## DATA EXTRACT
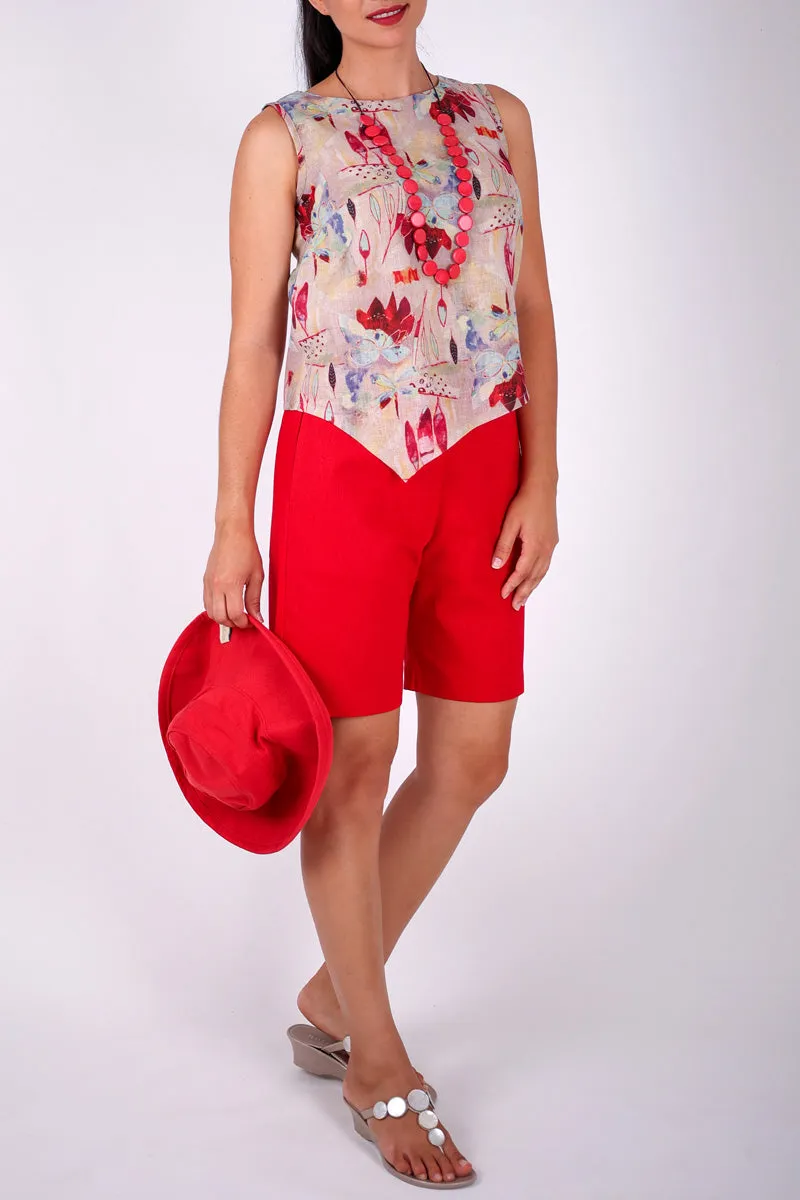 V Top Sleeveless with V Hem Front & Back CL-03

...

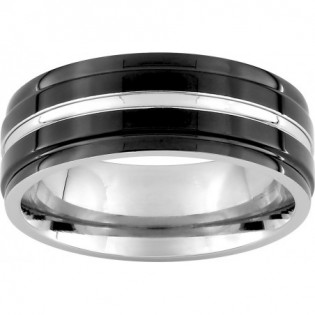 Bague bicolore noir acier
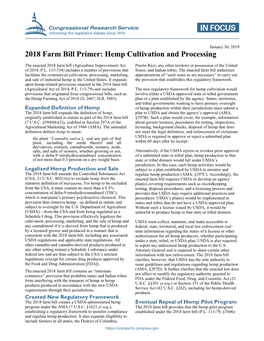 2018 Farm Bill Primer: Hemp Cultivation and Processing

## WORK INSTRUCTIONS
Transcribe, word for word, the lines of the listing above from the one that contains "Bague bicolore noir acier" through the one that contains "2018 Farm Bill", keeping both ends and dropping the pictures.

## RESPONSE TO THE TASK
 Bague bicolore noir acier
 2018 Farm Bill Primer: Hemp Cultivation and Processing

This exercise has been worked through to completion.